Sunday, December 09, 2007

Mitt, Freedom, and Religion

I listened to Governor Mitt Romney’s talk on religion last Thursday. It was moving, at times stirring, and deeply disconcerting. What troubled me the most was the Governor’s notion that you cannot have freedom without religion or religion without freedom. This is patently false, and disenfranchises millions of Americans who do not have a formal religion.

Freedom implies that one is free to think, believe, and do what one will (within the obvious limits), but none of the Abrahamic religions allows this. Nowhere in sacred scriptures of the three Abrahamic faiths are we told to think for ourselves, to free ourselves from the dictates of rabbis, priests, pastors, and imams. Religion is about obedience, not freedom. Look to Spinoza, Galileo, Salmon Rushdie, the evangelical Protestant war on science, the Inquisition, the Salem Witch Trials, the intramural fighting among differing Christian sects in the original thirteen colonies, and the Danish cartoons of Mohammed and it is abundantly clear that religion is not interested in freedom.

As far as I know, only Buddhism says one should investigate reality for oneself and not believe something simply because it is said to be holy (Dhammapada), and I doubt Governor Romney was thinking of Buddhism when he made his claim that there is no freedom without religion.

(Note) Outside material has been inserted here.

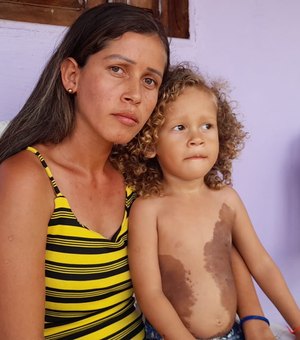 Mãe pede ajuda para filho passar por segundo procedimento cirúrgico avaliado em R$ 10 mil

Nor is the flip side of this notion—that there can be no religion without freedom—any more true. To cite but one example, look at Islam in Saudi Arabia. Certainly religion is strong there, but can we say the same for freedom? Religion needs power and the capacity to punish those who seek to free themselves from its power; it doesn’t need freedom or support freedom.

True, in the United States we have shown that religions flourish in a free society, but that was imposed by the Bill of Rights. It was not a religious ideal, but came from the secular realm that sought to protect America from theocracy and the horror of inter-religious warfare all too common in Europe.

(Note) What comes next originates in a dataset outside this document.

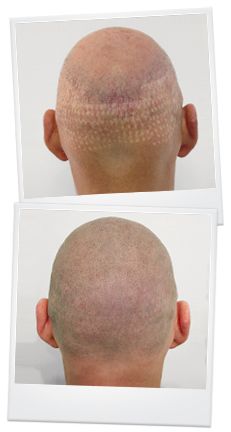 587978cd2d88134b00c42059723b5a71--shaved-heads-pigmentation.jpg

When Thomas Jefferson wrote in the Declaration of Independence that life, liberty, and the pursuit of happiness are inalienable rights rooted in the Creator, he was trying to keep those rights out of the control of religion and politics. He knew what Governor Romney seems not to know: that freedom is the first thing to go when religion rules.

Freedom, not religion, is what makes the United States so important. Freedom not religion is what makes this country worth sacrificing for. Freedom not religion is the true faith of America. I may trust in God, but I do not trust anyone who claims to speak for God.


Vigilante said...

Doesn't the Republican Party owe Americans a clear choice--a Huckabee-Romney or Romney-Huckabee ticket--that would, in effect, be a referendum on the separation of church and state?

The alternative is to keep allowing the Religious Right to keep dominating the American conversation far out of proportion to be their true numbers and in contradiction to a consensus that existed in the nation's politics since 1776 until Islamic terrorists gave Bush's Christian absolutists a climate of fear in which to propagate their own extremism.

Rick said...

Believe nothing, o monks,
merely because you have been told it ...
or because it is traditional,
or because you yourselves have imagined it.

Do not believe what your teacher tells you merely out of respect for the teacher.

But whatsoever, after due examination and analysis,
you find to be conducive to the good, the benefit, the welfare of all beings that doctrine believe and cling to, and take it as your guide.